The movie is essentially one of the best pieces of revenge fantasy that I have ever come across. Tarantino masterfully invests a huge chunk of time in giving these characters conversations, and development to make them more realized. This is a tremendously long film, stretching over two hours and forty-five minutes worth of time. However, it uses that time efficiently.
Obviously, this wouldn’t be the case if it wasn’t for some absolutely magnanimous performances out of the star-studded cast! The actors Jamie Fox, Christoph Waltz, and Leonardo DiCaprio bring their absolute A-Game for this film. We also see longtime collaborator and friend of Quentin Tarantino; Samuel L Jackson as he makes an appearance in the film.

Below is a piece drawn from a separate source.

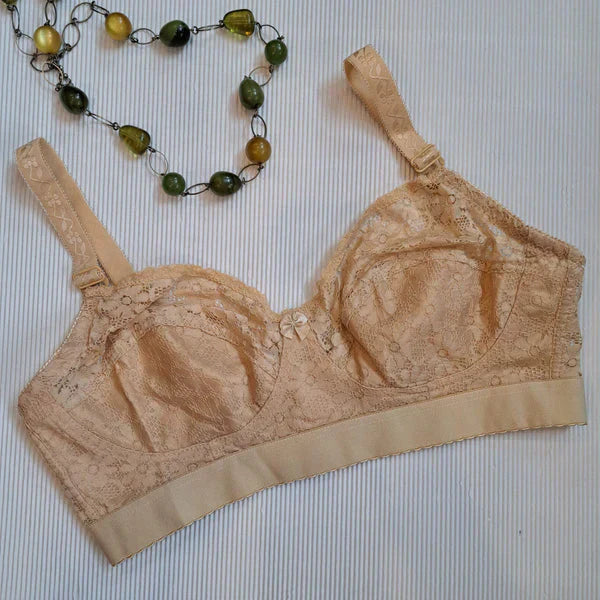 Basic Galaxy Breathable Net Bra Wide Strap for Full Support and Coverage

The acting is absolutely beautiful, each character is played masterfully. In particular, Jamie Foxx’s Django and Leonardo DiCaprio’s Calvin Candy were both phenomenal. Leo even went so far as to physically injure his hand while shooting and he still went on with a scene despite very real blood absolutely dripping out of his hand.
I’ll go out on a limb here, but Django Unchained is Tarantino’s most stylized film yet. This film is gorgeous from start to finish, absolutely dripping with an aura of inspiration yet originality.

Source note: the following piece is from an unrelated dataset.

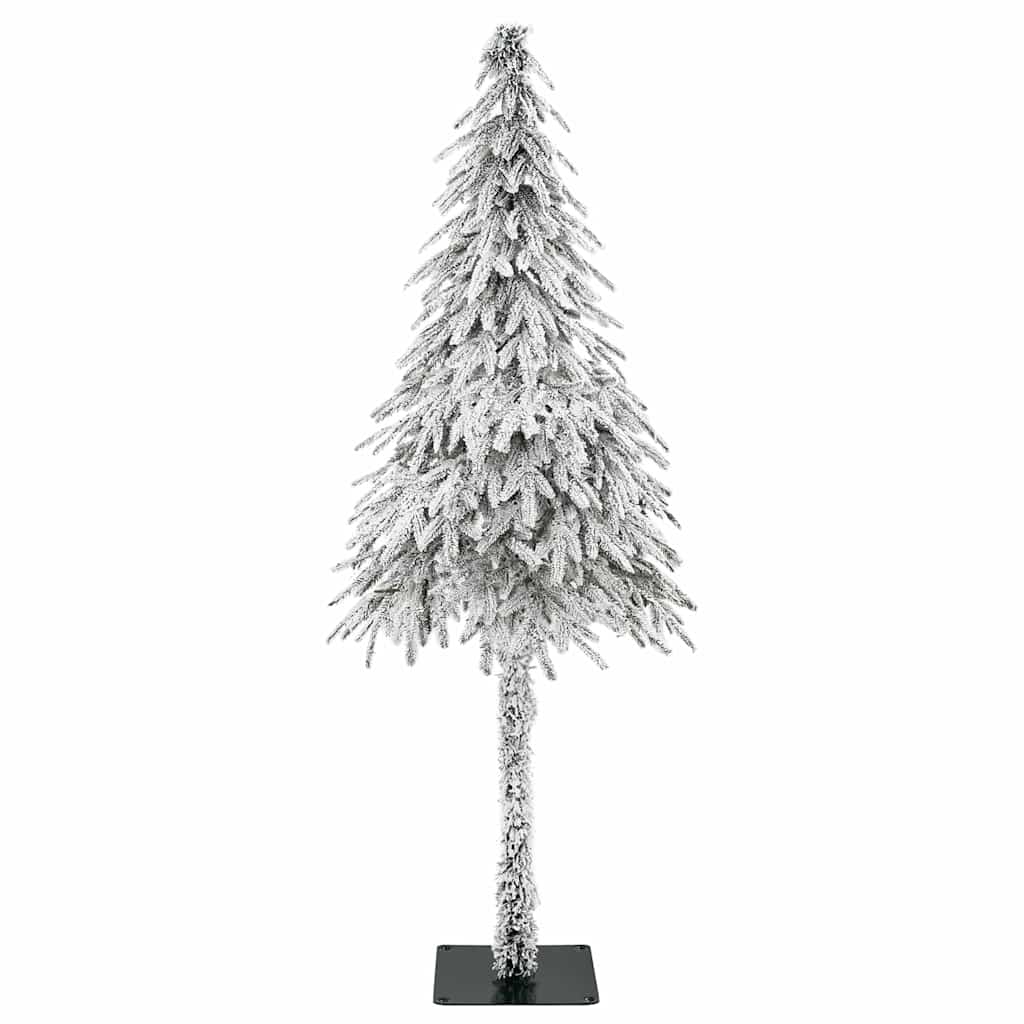 Juletre med 150 LED med stativ Hvit 120 cm PE og stål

This is mainly due to Robert Richardson’s mastery of the camera and lighting. His collaborations with Tarantino started with Kill Bill, and have spanned up till his bigger projects such as Inglorious Basterds, The Hateful Eight, and Once Upon a Time in Hollywood. Together they create each shot to be some of the most iconic poster-worthy material.
However, there is one aspect of this film that just simply cannot be ignored; the heavily criticized depiction of racial discrimination in the 19th century. The film used a lot of derogatory slang words and often shows an unending amount of torturous treatment of African American individuals.

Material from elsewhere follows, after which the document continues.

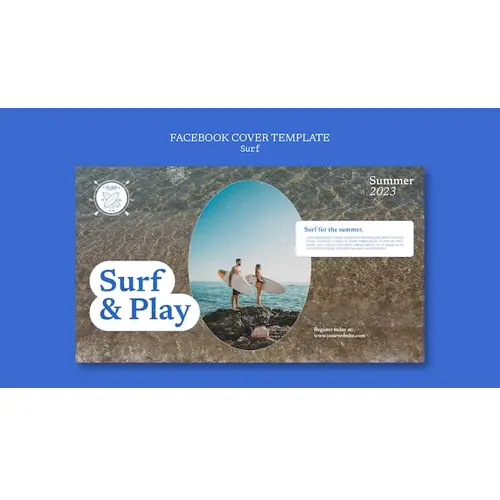 Surfing hobby facebook cover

I’ll be honest; as far as the racial slurs go, they shouldn’t be used that much even within the context. However, it still works to an extent within the context of the film. This is a revenge fantasy; you want to show the opposition as the vilest and most despicable beings alive. This is just so when our protagonist does terrible things to them; we know he’s doing it for a reason.
I usually enjoy violence in Tarantino films, though I still think Django went a bit overboard with some of it. There is one scene in particular that jumps into my mind every time that I think of this film; it’s a scene where a man is forcefully fed to dogs while he’s still alive.
The Bottom Line
So, in conclusion, Django Unchained is one of the most refined revenge fantasies for a time when there was little to no hope in the lives of the African people who were forcefully brought into America.
The film is like a multilayered cake, it creates a narrative thick with metaphors and nods to classic Westerns, yet does its very own thing and blows it out of the water with most of its subjects and themes. Not to mention, the film is just amazing. It’s well written, directed, acted, and shot. It’s just an all-rounded package!